The Holy Hierarch Gregory, who was also a marvelously educated person, but at the same time had much monastic experience, came to the defense of the Athonite monks, who were called hesychasts (that is, ones who are still, or quiet, recluses). St. Gregory Palamas noted that of course, the essence of God is impossible for man to know, but that God manifests Himself in the world through His uncreated energies, or, in other words, through grace. Any person, not just a monk, can acquire grace and truly come to know, or see, or commune with God through prayer, good deeds, ascetic struggles, and the mysteries of the Church. As an example of this, Gregory Palamas gave the Transfiguration of the Lord and said that the apostles saw not a usual earthly created light, but an uncreated divine light, and that in such a way, they communed with God Himself. Barlaam did not share this belief, but insisted that the light of Mount Tabor, just like all the other manifestations of God’s grace amongst people here on earth, was created. 

Saint Gregory Palamas

These councils of the 14th century confirmed the traditional Orthodox teaching which was so eloquently and clearly expressed by the Holy Hierarch Gregory, and condemned Barlaam and his supporters. These councils are important because they, like the Seven Ecumenical Councils, defended an important idea of Orthodox theology – that it is possible to know God, not only in an abstract academic way, but also in a personal manner and to draw close to Him, commune with Him, to in the most literal sense become a member of His Body, or, in the words of the hesychasts, to become god-like. Each one of us should understand this well, because at some moment of our own lives each of us has felt the presence of God, and has felt grace acting on us.

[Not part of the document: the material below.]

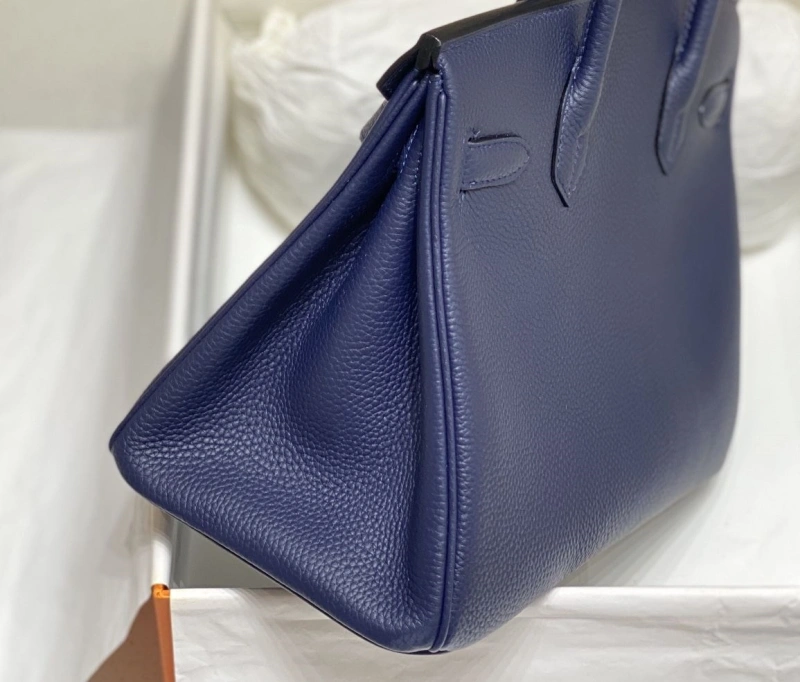 Hermes Kelly Bags 4248C-0018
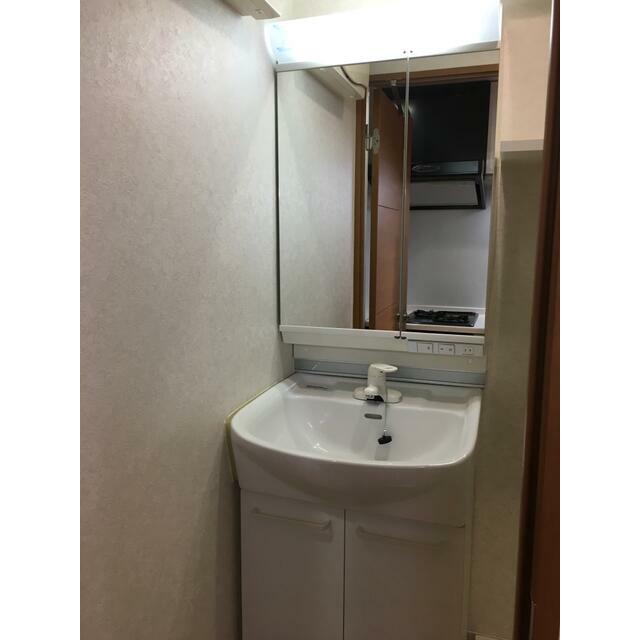 ビュークロス湘南 その他1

In Conclusion, the Seven Ecumenical Councils, as well as those great and authoritative councils that followed them, are an integral part of our Orthodox faith, and cannot be dismissed as something unimportant or difficult to understand. In fact, as I have tried to show above, the basic ideas and arguments that were expressed at these gatherings are straightforward and relevant to our own personal salvation. The holy fathers that participated in the deliberations of these meetings or prepared the theological groundwork beforehand exerted a tremendous amount of energy to defend and clearly express the true faith. Some of them paid for their steadfastness with their lives. Perhaps each of us should keep their struggle in mind and pay the ecumenical councils and the teachings that were so eloquently expressed at them the attention that they are due.